Push more computations into node functions to improve performance #235

sunxd3 · 2024-11-11T05:20:25Z

Current Performance

On the Apple M2 chip with the Rats example, a manually unrolled log density function has a median benchmark time of 1.113 μs, while the current master branch at 50.916 μs. In principle, we should be able to push the performance to within 10 times of the unrolled version.

Performance Analysis

Profiling reveals type instabilities in:

Bijector transformations
BangBang's setindex! operations
logpdf computation due to runtime distribution determination

The root cause appears to be storing node functions in Vector{Any}, which disallows type inference.

Proposed Solution

Put bijector, setindex!, and logpdf computations directly into node functions where distribution types are known at compile time.

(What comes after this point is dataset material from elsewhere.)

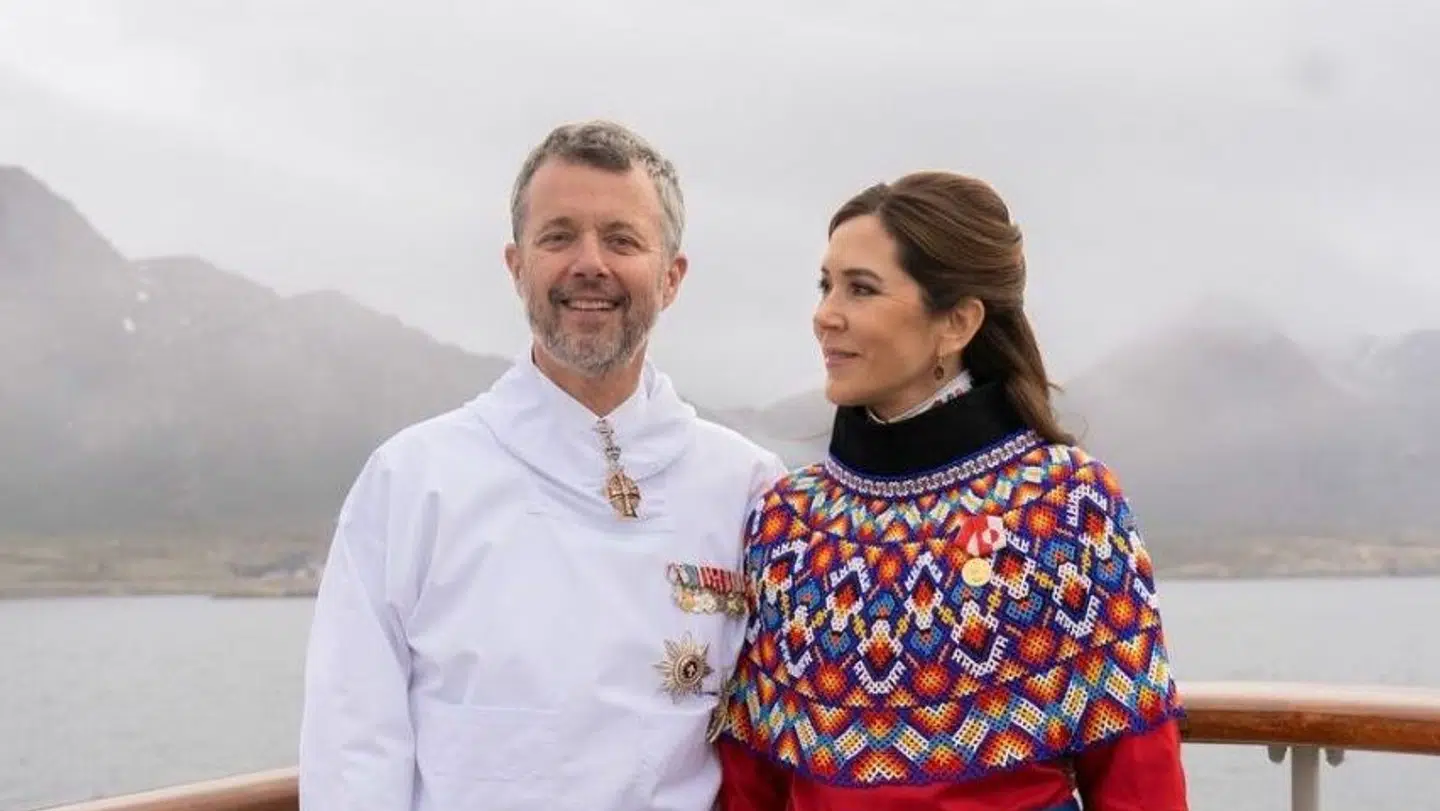 Kongeparret i deres grønlandske folkedragter.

In master branch: (consider alpha[1], which is a stochastic variable

function (evaluation_env, loop_vars)
      (; var"alpha.c", var"alpha.tau") = evaluation_env
      (;) = loop_vars
      return dnorm(var"alpha.c", var"alpha.tau")
 end

In this PR:

function (__evaluation_env__::NamedTuple{__vars__}, __loop_vars__::NamedTuple{__loop_vars_names__}, __vn__::AbstractPPL.VarName, __is_transformed__::Bool, __is_observed__::Bool, __params__::AbstractVector{<:Real}) where {__vars__, __loop_vars_names__}
      (; var"alpha.c", var"alpha.tau") = __evaluation_env__
      (;) = __loop_vars__
      __dist__ = dnorm(var"alpha.c", var"alpha.tau")
      if !__is_observed__
          if __is_transformed__
              __b__ = Bijectors.bijector(__dist__)
              __b_inv__ = Bijectors.inverse(__b__)
              __reconstructed_value__ = JuliaBUGS.reconstruct(__b_inv__, __dist__, __params__)
              (__value__, __logjac__) = Bijectors.with_logabsdet_jacobian(__b_inv__, __reconstructed_value__)
          else
              (__value__, __logjac__) = (JuliaBUGS.reconstruct(__dist__, __params__), 0.0)
          end
          __evaluation_env__ = BangBang.setindex!!(__evaluation_env__, __value__, __vn__)
          __logp__ = Distributions.logpdf(__dist__, __value__) + __logjac__
      else
          __logp__ = Distributions.logpdf(__dist__, AbstractPPL.get(__evaluation_env__, __vn__))
      end
      return (__logp__::Float64, __evaluation_env__::NamedTuple{__vars__})
  end

On a high level, previously, node functions are pure functions, now node function models effects to the environment.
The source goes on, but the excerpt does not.